#### Work instruction
Which lines run from the line with "Bathroom in Relax" to the end of the entries? Write out exactly those, leaving out the pictures.

#### Source data

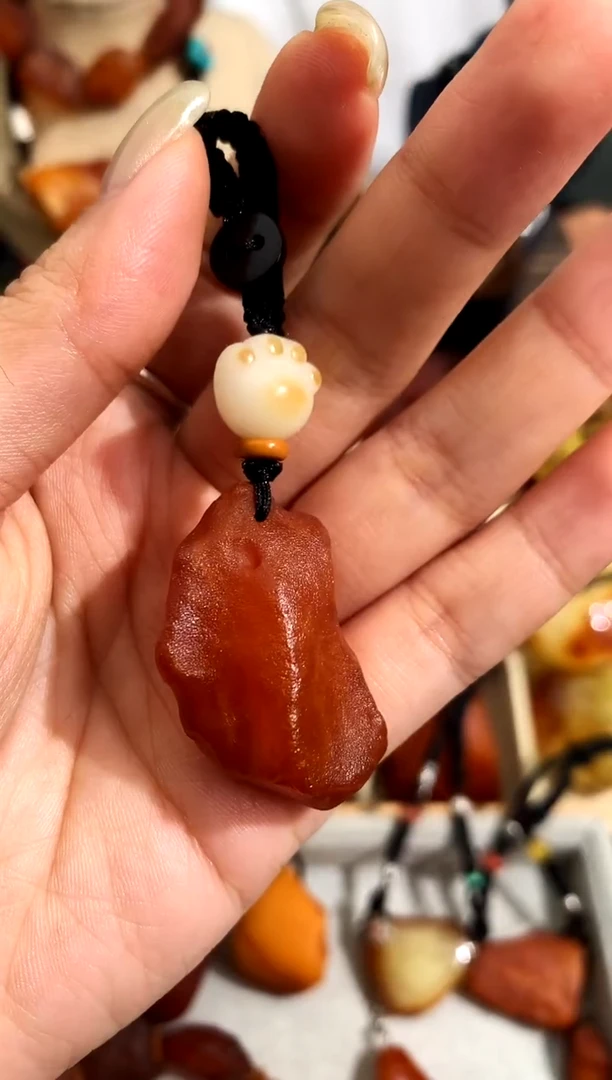 【闪购商品】蜜蜡裸石未镶嵌似玉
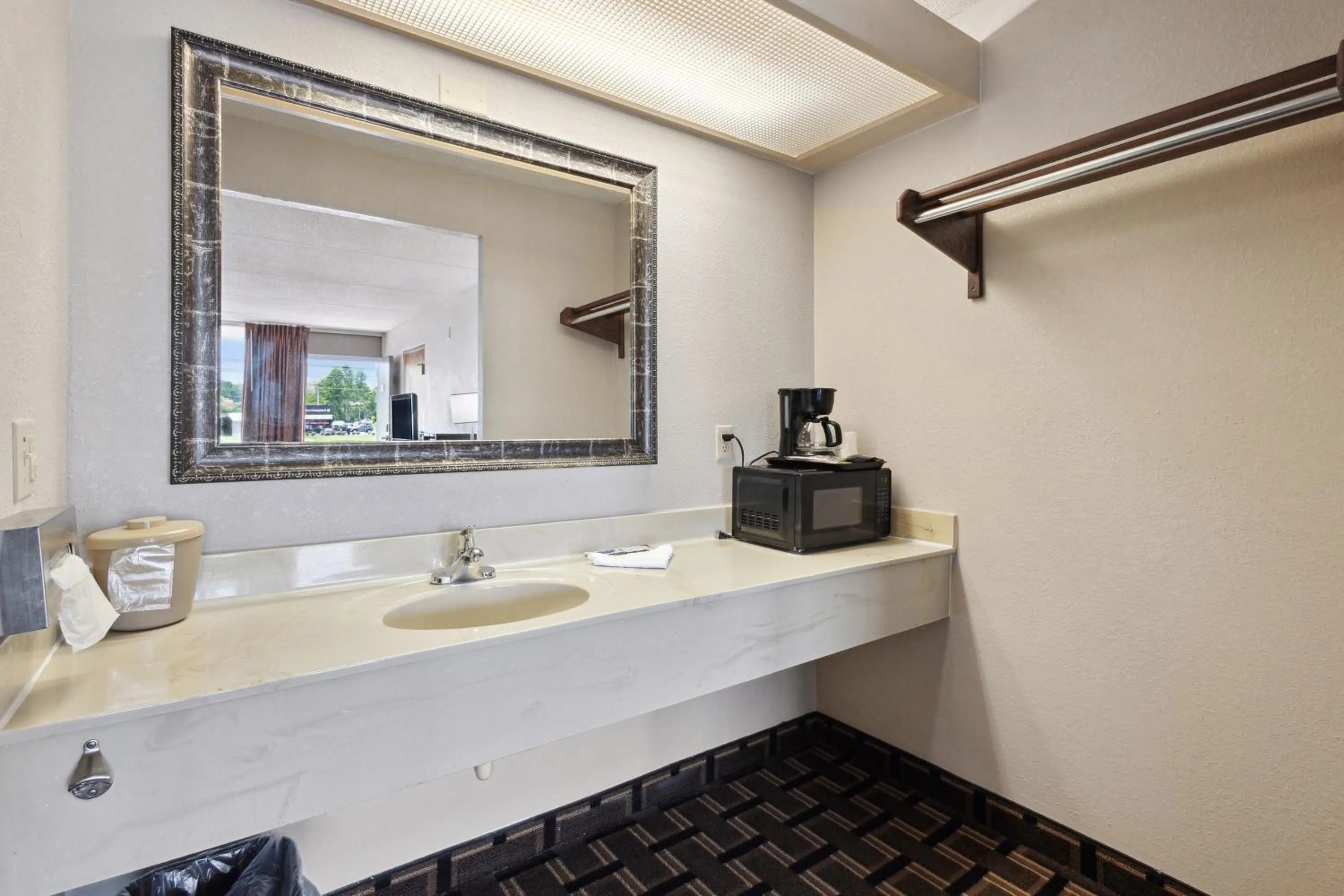 Bathroom in Relax inn by OYO Greeneville Near Hwy US-321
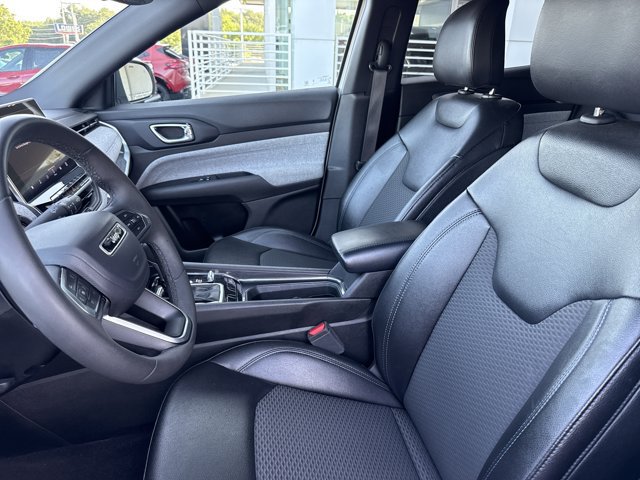 Used 2024 Jeep Compass Latitude AWD/4WD image 4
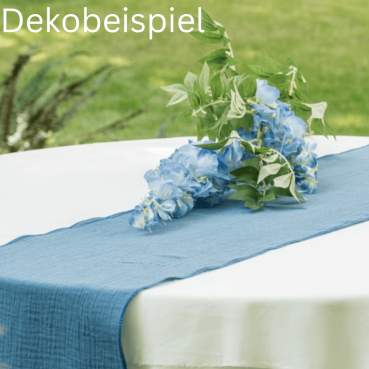 Dekobeispiel mit dem 3 Meter Stoff Tischläufer Musselin in Jeansblau, 26 cm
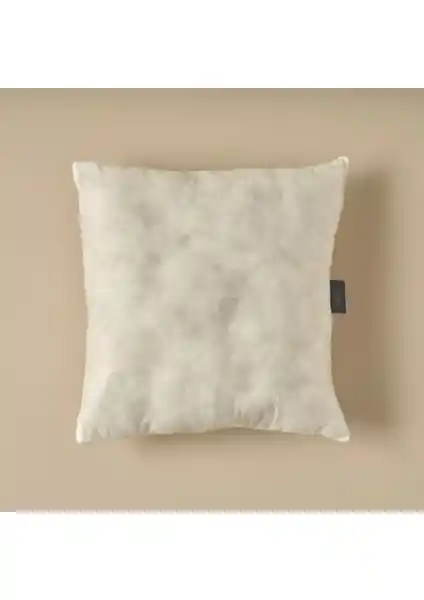 Bella Maison Dekoratif İç Yastık Beyaz 45x45 cm Modern ve Konforlu Ev Dekorasyon Ürünü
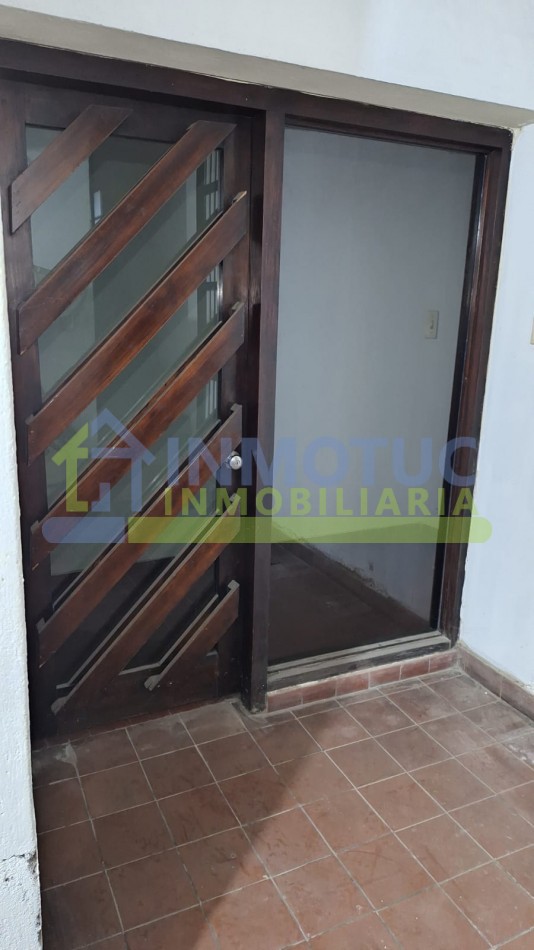 LOCAL COMERCIAL + DEPARTAMENTO PB SANTIAGO AL 900 APTO CREDITO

#### Answer area
 Bathroom in Relax inn by OYO Greeneville Near Hwy US-321
 Used 2024 Jeep Compass Latitude AWD/4WD image 4
 Dekobeispiel mit dem 3 Meter Stoff Tischläufer Musselin in Jeansblau, 26 cm
 Bella Maison Dekoratif İç Yastık Beyaz 45x45 cm Modern ve Konforlu Ev Dekorasyon Ürünü
 LOCAL COMERCIAL + DEPARTAMENTO PB SANTIAGO AL 900 APTO CREDITO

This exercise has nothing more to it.